本日のウニ:タコノマクラ①受精卵
久々にウニの発生シリーズの更新です。今回はタコノマクラ Clypeaster japonicus の発生です。タコノマクラはバフンウニなどの正形類いわゆるウニ型のウニ達と違って、平べったい形をしています。これらの仲間は不正形類と呼ばれています。スカシカシパンやブンブクなども不正形類に分類されます。親に関してはまた後ほど。

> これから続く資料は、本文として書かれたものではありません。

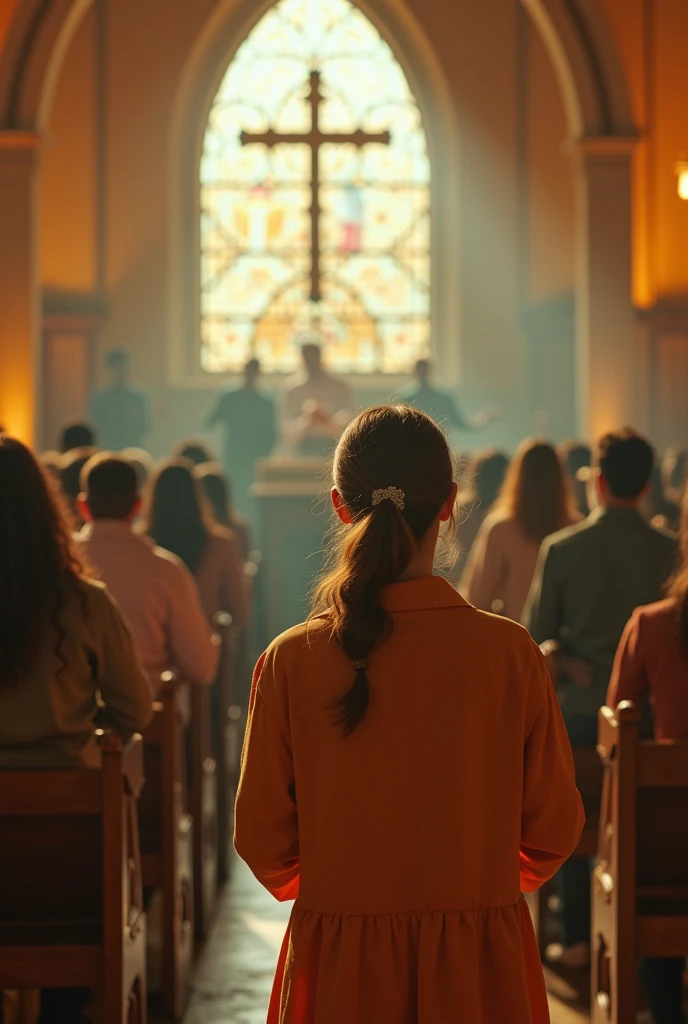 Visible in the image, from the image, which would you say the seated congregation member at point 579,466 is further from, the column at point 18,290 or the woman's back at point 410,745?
the woman's back at point 410,745

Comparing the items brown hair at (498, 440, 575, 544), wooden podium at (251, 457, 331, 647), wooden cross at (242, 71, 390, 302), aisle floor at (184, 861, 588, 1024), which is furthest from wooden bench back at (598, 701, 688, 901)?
wooden cross at (242, 71, 390, 302)

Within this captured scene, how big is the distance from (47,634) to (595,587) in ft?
5.75

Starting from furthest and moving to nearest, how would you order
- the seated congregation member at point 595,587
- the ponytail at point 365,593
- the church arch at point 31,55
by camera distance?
the church arch at point 31,55, the seated congregation member at point 595,587, the ponytail at point 365,593

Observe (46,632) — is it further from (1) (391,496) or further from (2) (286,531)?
(2) (286,531)

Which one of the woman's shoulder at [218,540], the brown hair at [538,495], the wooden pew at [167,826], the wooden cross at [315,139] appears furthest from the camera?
the wooden cross at [315,139]

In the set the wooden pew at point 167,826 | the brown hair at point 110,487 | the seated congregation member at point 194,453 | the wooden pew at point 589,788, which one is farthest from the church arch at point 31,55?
the wooden pew at point 589,788

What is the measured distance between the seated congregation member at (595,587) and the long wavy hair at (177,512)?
1680 mm

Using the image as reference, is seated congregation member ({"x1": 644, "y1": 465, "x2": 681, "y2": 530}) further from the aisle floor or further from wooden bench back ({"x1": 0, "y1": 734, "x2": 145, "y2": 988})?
wooden bench back ({"x1": 0, "y1": 734, "x2": 145, "y2": 988})

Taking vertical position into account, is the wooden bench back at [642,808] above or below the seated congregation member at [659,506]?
below

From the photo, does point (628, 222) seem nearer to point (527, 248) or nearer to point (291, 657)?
point (527, 248)

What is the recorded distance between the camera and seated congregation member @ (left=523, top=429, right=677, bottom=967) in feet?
13.5

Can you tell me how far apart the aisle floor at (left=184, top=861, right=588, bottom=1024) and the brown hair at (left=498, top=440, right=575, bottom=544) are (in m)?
1.58

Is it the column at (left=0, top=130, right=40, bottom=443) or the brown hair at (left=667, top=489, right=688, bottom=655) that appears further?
the column at (left=0, top=130, right=40, bottom=443)

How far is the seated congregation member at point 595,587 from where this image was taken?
4125 mm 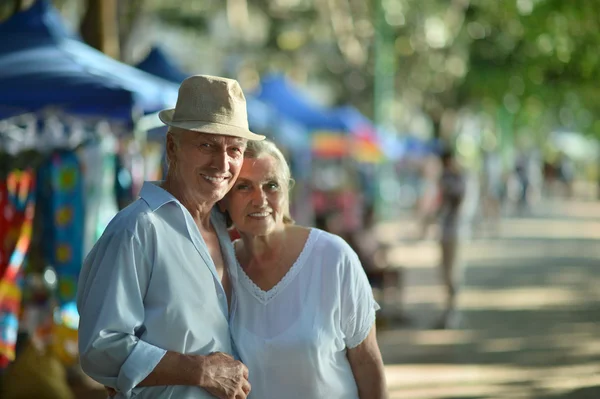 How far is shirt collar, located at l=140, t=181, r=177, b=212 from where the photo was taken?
10.3 feet

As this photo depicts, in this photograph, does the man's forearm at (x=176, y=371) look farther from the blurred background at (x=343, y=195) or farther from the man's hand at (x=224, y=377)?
the blurred background at (x=343, y=195)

写真は受精後1時間の受精卵です。大きさは直径が100 µmよりちょっと小さく、バフンウニなどと比較すると卵黄が少ないため非常に透明です。卵の中心に見える核は、雌性前核と雄性前核が融合した状態で、親の体細胞と同じ染色体数を備えています。周りに見える一層の膜構造は、バフンウニの時にも紹介した受精膜です。この膜の存在により、受精後、別の精子からのアタックを物理的に排除することができます。ただし、バフンウニの受精膜と比較すると少し弱く、ATAなどで処理していなくても、ガラス針で破壊することが可能です。生殖シーズンが初夏から真夏にかけてであり、卵やその後続く胚の体が非常に透明であるため、発生生物学臨海実習などでは重宝がられる存在です。しかし一方で、生息密度がさほど高くないため、個体数の確保は難しいです。